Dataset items
+ + + + + + +
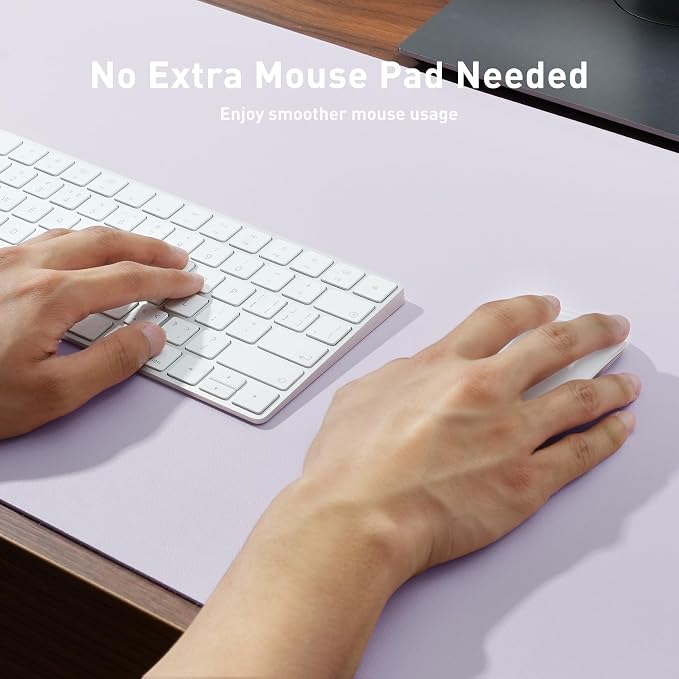 Aothia Faux Leather Desk Mat - Non-Slip PU Leather Desk Blotter, Waterproof Writing Surface, Large Desk Pad for Office & Home (Soft Lavender, 55" x 24")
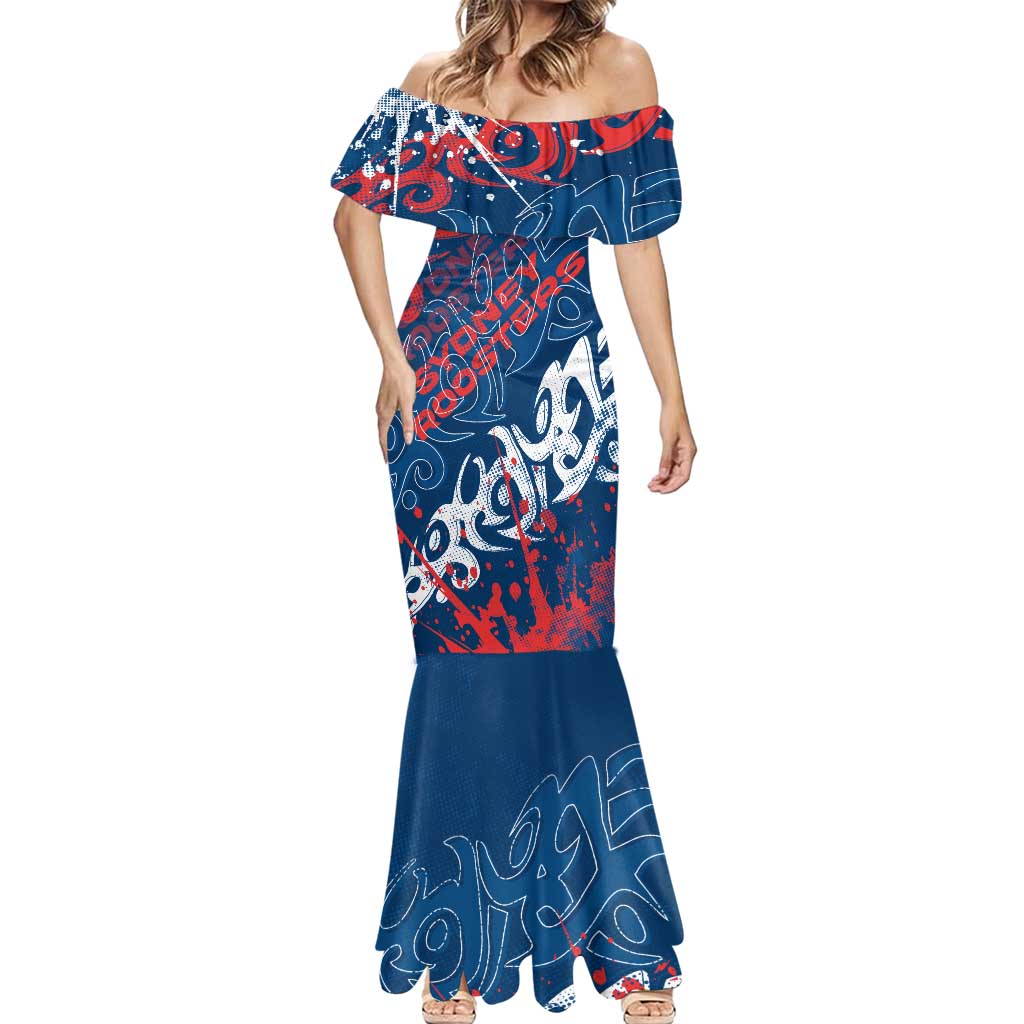 Personalized Sydney Roosters Rugby Mermaid Dress Urban Street Graffiti Style - Distressed Splatter Elements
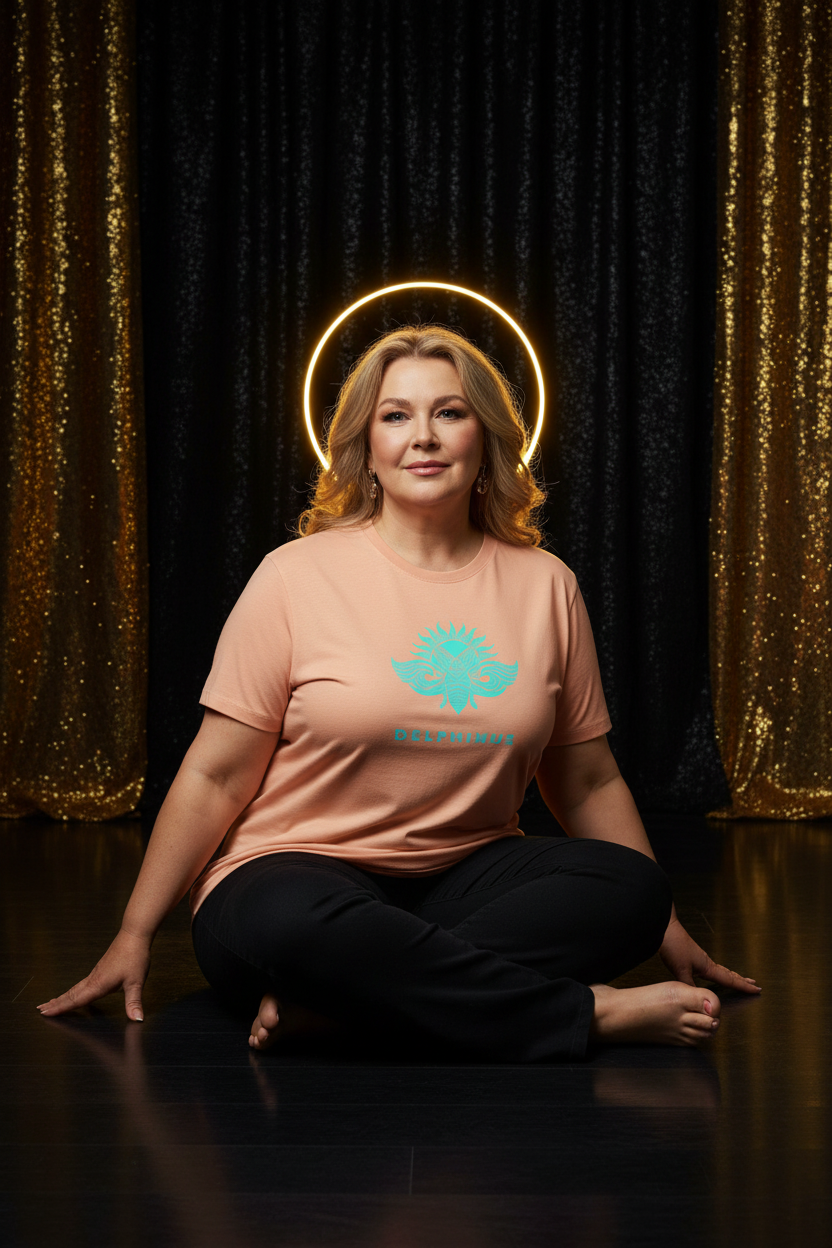 T-shirt L'Inattendu DELPHINUS — Apple Blossom & Logo Turquoise — Femme mature Curve 5XL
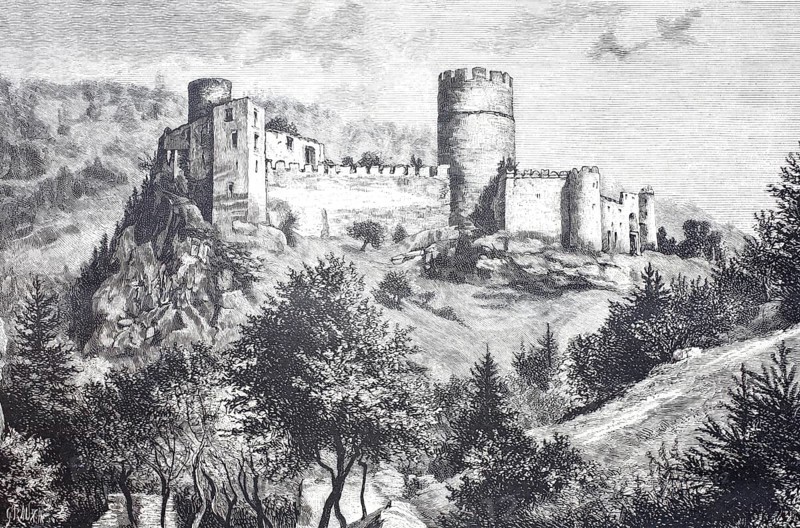 Hartenstein Castle in 1870, Kremstal, Waldviertel, Lower Austria, Austria, Historical, digitally enhanced reproduction of a 19th century original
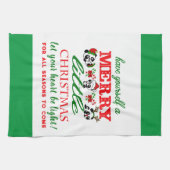 Personalisierte Weihnachten Pandas Geschirrtuch (Horizontal)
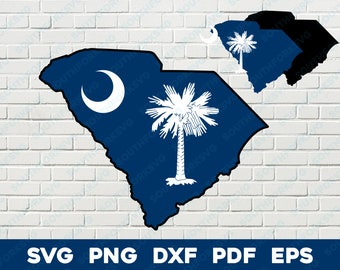 South Carolina State Flag Shape svg png dxf eps pdf vector graphic design digital file U.S. 50 State Flags USA America United States Flags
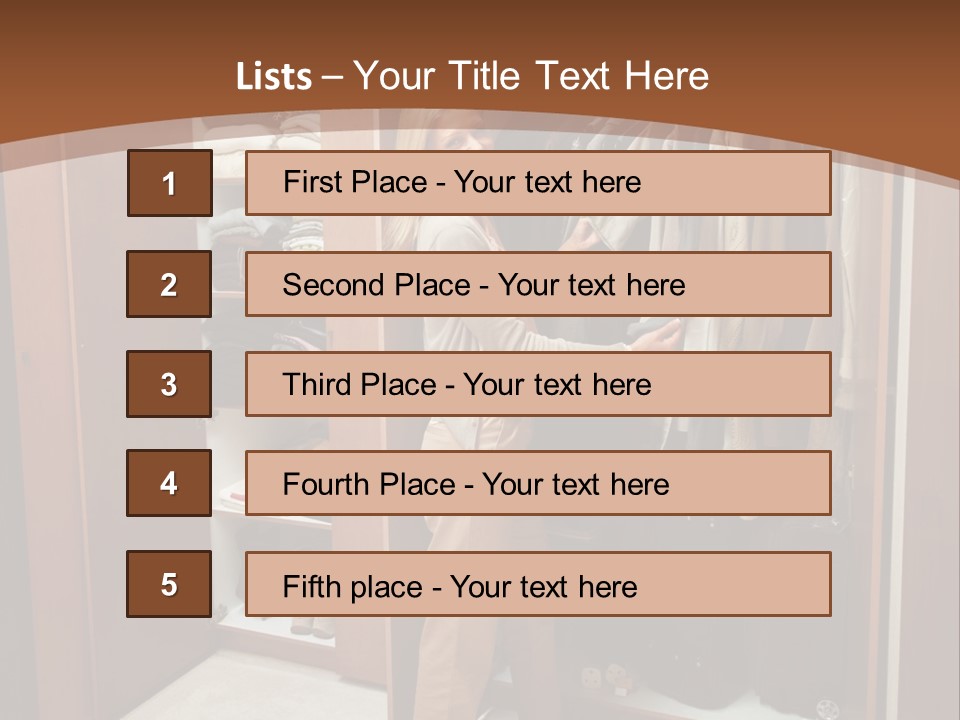 A Woman Standing In A Closet With A Suit Case PowerPoint Template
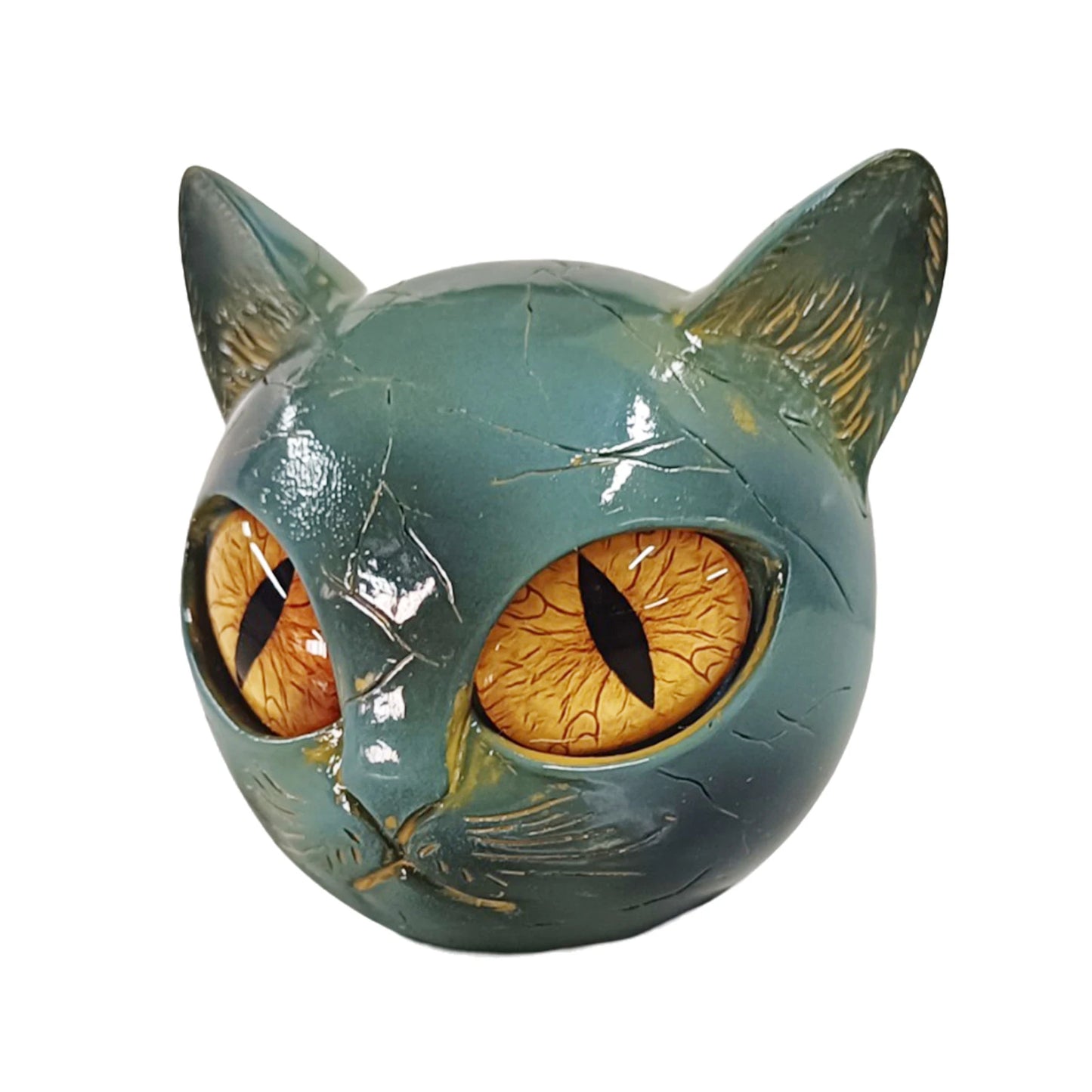 Decorative Cat Stone Figurine Marble Texture Cat Stone Kitten Sculpture for Keepsake Gift Office Desk Decor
+ + + + + + +
Your answer must consist of the entries, unchanged, with no pictures in it.

 Aothia Faux Leather Desk Mat - Non-Slip PU Leather Desk Blotter, Waterproof Writing Surface, Large Desk Pad for Office & Home (Soft Lavender, 55" x 24")
 Personalized Sydney Roosters Rugby Mermaid Dress Urban Street Graffiti Style - Distressed Splatter Elements
 T-shirt L'Inattendu DELPHINUS — Apple Blossom & Logo Turquoise — Femme mature Curve 5XL
 Hartenstein Castle in 1870, Kremstal, Waldviertel, Lower Austria, Austria, Historical, digitally enhanced reproduction of a 19th century original
 Personalisierte Weihnachten Pandas Geschirrtuch (Horizontal)
 South Carolina State Flag Shape svg png dxf eps pdf vector graphic design digital file U.S. 50 State Flags USA America United States Flags
 A Woman Standing In A Closet With A Suit Case PowerPoint Template
 Decorative Cat Stone Figurine Marble Texture Cat Stone Kitten Sculpture for Keepsake Gift Office Desk Decor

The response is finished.